Data quality in ARAMOB

To ensure the quality of the data in the ARAMOB database, only datasets sampled systematically and in a methodologically consistent manner can be included. In a first step, structures, templates, and workflows were developed to mobilize data from a wide variety of sources, e.g., publications, studies, project reports, or theses, and to transfer them into a consistent terminology. When possible, data was enriched with additional information, such as coordinates or habitat types, if not available beforehand. By minimizing the heterogeneity and inconsistency that can plague biodiversity databases, ARAMOB aims to provide a freely accessible ‘clean’ research environment that allows robust and reliable analyses with community datasets. In the further course of this work, specific methods, queries and algorithms were developed to automate the data extraction from the database and convert it into formats that are suitable for statistical analysis.

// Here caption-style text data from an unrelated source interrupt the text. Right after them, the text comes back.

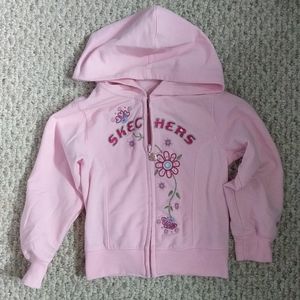 Skechers girls pink hoodie sweatshirt with ❤️ & 🌸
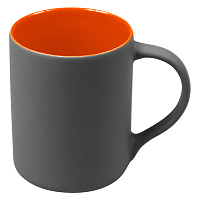 Кружка фарфоровая Casa Grande Magnolia Color Matt, матовая,  серо-оранжевая, 350 мл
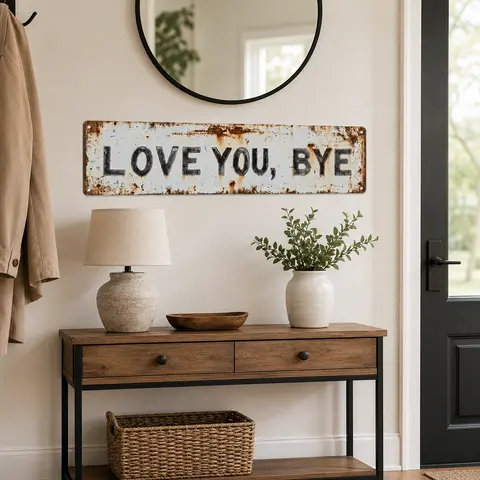 American Retro Metal Wall Art Sign, 16x4 in Durable Lightweight Aluminium "Love You Goodbye" Sweet Send-Off Plaque, 16x4 Wall Fit Entryway Decor Home Accessory for Warmth & Romance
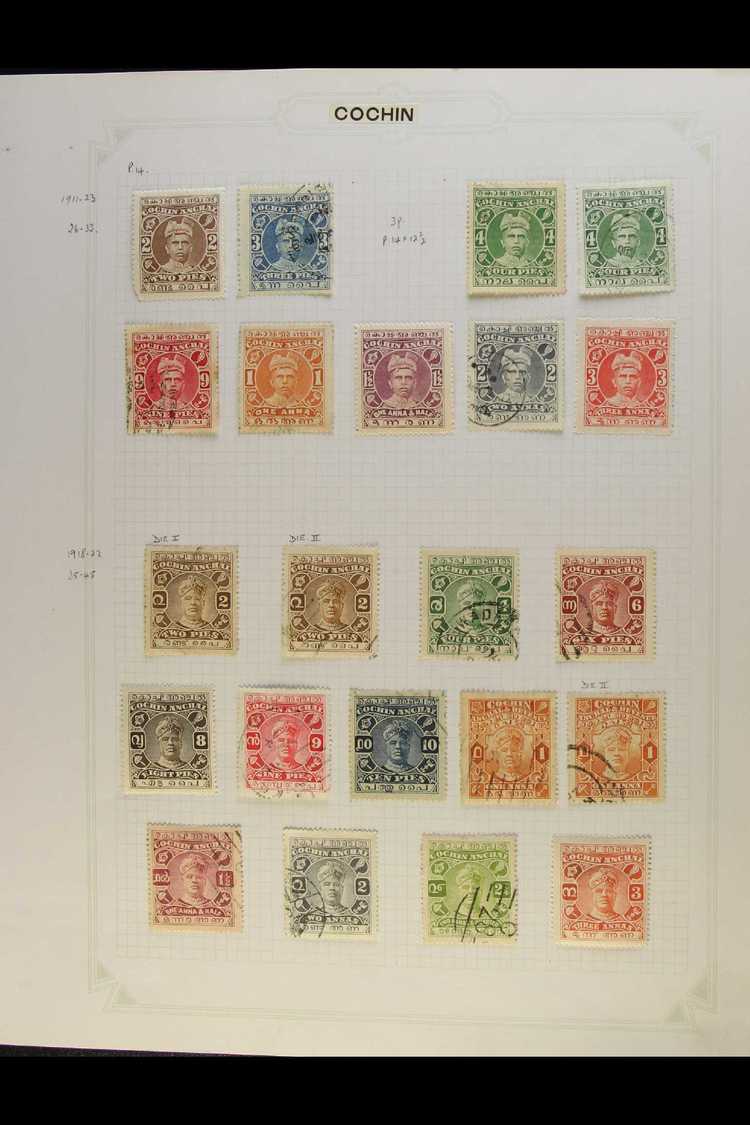 6597 COCHIN 1892-1949 Mint And Used Collection On Album Pages, Includes 1896 1put  Violet (large Type) Used, 1911-13 Ran - Other & Unclassified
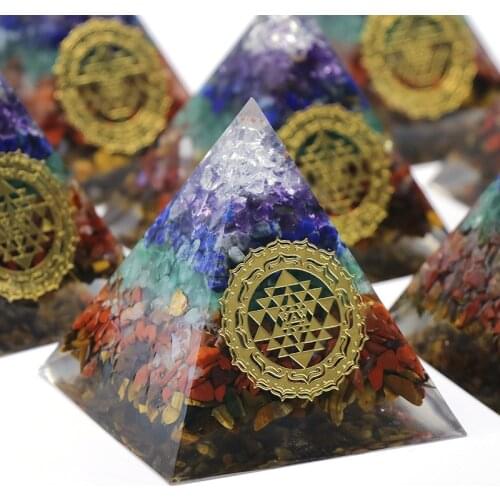 Orgone Pyramid Chakra Gemstone Chakra Pyramid Orgonite Crystal Ornament For Reiki Healing Meditation Pyramid Crafts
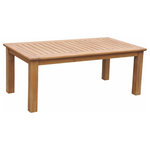 Courtyard Casual - Courtyard Casual Natural Teak Heritage Outdoor Teak Coffee Table - Complete your outdoor living area with Courtyard Casual's natural finish teak Heritage outdoor coffee table. With classic style, grace, and functionality, this piece will look great at your home or years to come. Made from Grade A, FSC certified teak wood, you know you're purchasing high quality, environmentally friendly outdoor furniture. Great for any outdoor setting: patio, covered patio, deck, fire pit, outdoor kitchen, poolside, lanai, gazebo, etc. Fade and UV Resistant and safe in full sun exposure. Natural teak finish Environmentally friendly, FSC sourced grade A Teak wood Easy Clean and 1 Year Limited Manufacturer's Warranty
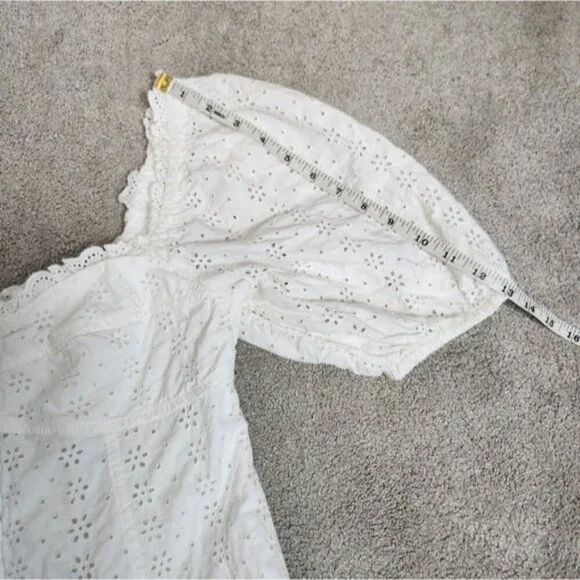 Gap White Peasant Eyelet Puff Sleeve Cotton Dress Size Small - Picture 10 of 15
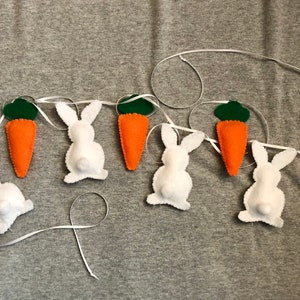 Bunny Rabbit and Carrot Garland in Felt for Easter Baby Nursery Home Decor Holiday image 3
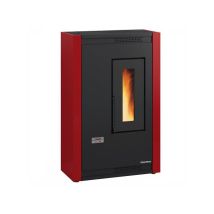 Estufa de pellets Luisella Negra – Potencia 2,4/4,4 kW – Capacidad del depósito 10 kg – Ventilación forzada – Control remoto
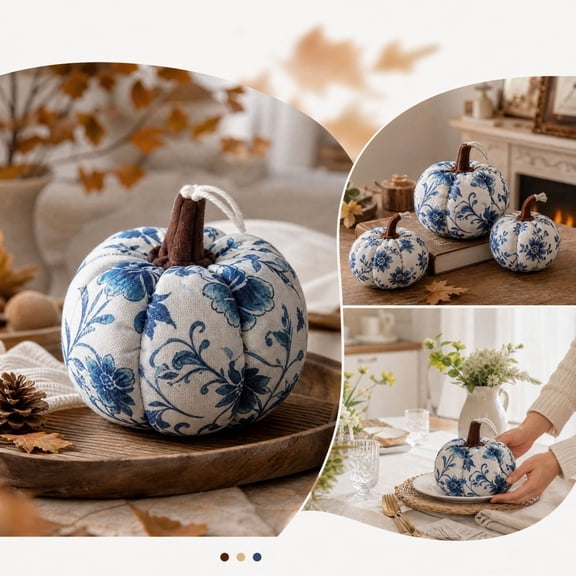 Stuffed Pumpkin Decor, Hand Stitched Soft Artificial Tabletop Ornament for Fall and Thanksgiving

The concept of data quality may seem intuitive, but it encompasses numerous nuances that require closer examination. A dataset that comprises a species name, date, and coordinates, generated by a photo identification app, for instance, may have a high level of data quality (see RfII 2019), if all information is accurate and may be suitable for, e.g., modelling species distributions. Nonetheless, this type of dataset may not be usable for meta-analysis with systematically collected community data. Hence, data quality is primarily contingent upon the user's specific requirements for the analysis. According to Veiga et al. (2017), assessing biodiversity data quality involves using a set of quality metrics to determine its suitability for a specific use. However, even though data may have the same quality level, it may still have varying levels of suitability for different purposes. To determine the fitness of data for use, three crucial interrelated components must be considered: the intended use, the type of relevant data, and the criteria for determining ‘fitness’ for that data in the context of the use. In ARAMOB, the primary focus is on systematically collected spider assemblage data obtained through standardized methods. Thus, when referring to data quality here, the emphasis is placed on not just the accuracy of the data, but also on determining the additional information necessary in community data to facilitate meta-analyses and enhance their validity.

How can research data become and remain sustainable in the long term?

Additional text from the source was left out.